(Web page caption snippets)

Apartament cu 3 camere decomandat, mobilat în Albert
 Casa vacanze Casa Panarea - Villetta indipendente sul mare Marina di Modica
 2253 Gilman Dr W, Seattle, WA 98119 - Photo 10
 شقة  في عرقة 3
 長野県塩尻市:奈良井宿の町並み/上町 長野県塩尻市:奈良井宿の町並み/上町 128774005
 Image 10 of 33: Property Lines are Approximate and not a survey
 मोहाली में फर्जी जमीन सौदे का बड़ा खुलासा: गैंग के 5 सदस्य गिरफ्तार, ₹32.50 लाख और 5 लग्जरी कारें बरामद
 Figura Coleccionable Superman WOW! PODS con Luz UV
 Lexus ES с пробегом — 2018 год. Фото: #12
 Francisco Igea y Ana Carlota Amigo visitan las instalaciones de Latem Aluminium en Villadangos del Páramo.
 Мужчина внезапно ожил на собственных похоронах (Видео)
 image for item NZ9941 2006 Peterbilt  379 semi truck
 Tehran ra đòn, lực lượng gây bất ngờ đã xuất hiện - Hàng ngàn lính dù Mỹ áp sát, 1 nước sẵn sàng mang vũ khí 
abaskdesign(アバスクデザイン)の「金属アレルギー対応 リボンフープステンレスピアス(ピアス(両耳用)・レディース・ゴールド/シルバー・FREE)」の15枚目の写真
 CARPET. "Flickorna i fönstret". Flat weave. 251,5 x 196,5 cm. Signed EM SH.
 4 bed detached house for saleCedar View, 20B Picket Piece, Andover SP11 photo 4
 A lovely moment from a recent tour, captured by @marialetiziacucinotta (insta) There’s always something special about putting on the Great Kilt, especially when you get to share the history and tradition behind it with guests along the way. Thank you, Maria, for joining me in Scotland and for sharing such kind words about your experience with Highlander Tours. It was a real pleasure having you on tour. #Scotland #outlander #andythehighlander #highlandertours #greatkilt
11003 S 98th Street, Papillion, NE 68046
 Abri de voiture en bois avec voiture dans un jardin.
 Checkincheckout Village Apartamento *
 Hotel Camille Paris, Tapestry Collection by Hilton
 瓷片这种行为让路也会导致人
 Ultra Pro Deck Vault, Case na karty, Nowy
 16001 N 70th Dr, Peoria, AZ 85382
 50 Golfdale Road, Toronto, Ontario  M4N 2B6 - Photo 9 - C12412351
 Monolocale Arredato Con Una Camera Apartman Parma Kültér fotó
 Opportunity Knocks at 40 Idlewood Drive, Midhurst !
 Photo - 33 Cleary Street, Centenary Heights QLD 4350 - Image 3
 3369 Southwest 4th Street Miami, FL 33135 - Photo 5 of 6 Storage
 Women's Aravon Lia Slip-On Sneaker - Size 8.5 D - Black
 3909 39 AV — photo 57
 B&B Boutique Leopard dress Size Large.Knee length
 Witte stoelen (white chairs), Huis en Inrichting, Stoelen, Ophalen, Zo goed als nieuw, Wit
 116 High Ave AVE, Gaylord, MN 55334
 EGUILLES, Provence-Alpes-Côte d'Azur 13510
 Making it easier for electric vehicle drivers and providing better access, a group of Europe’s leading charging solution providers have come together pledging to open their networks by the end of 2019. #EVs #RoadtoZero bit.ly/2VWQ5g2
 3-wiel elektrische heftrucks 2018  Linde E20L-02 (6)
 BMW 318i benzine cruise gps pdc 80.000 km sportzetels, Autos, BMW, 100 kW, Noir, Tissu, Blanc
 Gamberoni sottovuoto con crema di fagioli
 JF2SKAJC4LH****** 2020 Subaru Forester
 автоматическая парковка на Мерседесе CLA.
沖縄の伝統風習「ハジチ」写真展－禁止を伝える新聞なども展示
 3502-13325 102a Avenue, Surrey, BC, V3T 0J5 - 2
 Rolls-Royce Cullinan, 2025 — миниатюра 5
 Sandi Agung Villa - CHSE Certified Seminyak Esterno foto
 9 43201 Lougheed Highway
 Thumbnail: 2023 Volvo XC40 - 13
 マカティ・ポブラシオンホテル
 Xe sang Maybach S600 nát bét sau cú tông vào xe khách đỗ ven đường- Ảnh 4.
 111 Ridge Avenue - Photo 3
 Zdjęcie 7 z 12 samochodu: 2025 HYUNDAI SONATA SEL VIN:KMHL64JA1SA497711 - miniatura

### Task to carry out
Nothing but an exact copy of the lines from the start of the entries through the line containing "4 bed detached" belongs in the response.

### Answer space
Apartament cu 3 camere decomandat, mobilat în Albert
 Casa vacanze Casa Panarea - Villetta indipendente sul mare Marina di Modica
 2253 Gilman Dr W, Seattle, WA 98119 - Photo 10
 شقة  في عرقة 3
 長野県塩尻市:奈良井宿の町並み/上町 長野県塩尻市:奈良井宿の町並み/上町 128774005
 Image 10 of 33: Property Lines are Approximate and not a survey
 मोहाली में फर्जी जमीन सौदे का बड़ा खुलासा: गैंग के 5 सदस्य गिरफ्तार, ₹32.50 लाख और 5 लग्जरी कारें बरामद
 Figura Coleccionable Superman WOW! PODS con Luz UV
 Lexus ES с пробегом — 2018 год. Фото: #12
 Francisco Igea y Ana Carlota Amigo visitan las instalaciones de Latem Aluminium en Villadangos del Páramo.
 Мужчина внезапно ожил на собственных похоронах (Видео)
 image for item NZ9941 2006 Peterbilt  379 semi truck
 Tehran ra đòn, lực lượng gây bất ngờ đã xuất hiện - Hàng ngàn lính dù Mỹ áp sát, 1 nước sẵn sàng mang vũ khí 
abaskdesign(アバスクデザイン)の「金属アレルギー対応 リボンフープステンレスピアス(ピアス(両耳用)・レディース・ゴールド/シルバー・FREE)」の15枚目の写真
 CARPET. "Flickorna i fönstret". Flat weave. 251,5 x 196,5 cm. Signed EM SH.
 4 bed detached house for saleCedar View, 20B Picket Piece, Andover SP11 photo 4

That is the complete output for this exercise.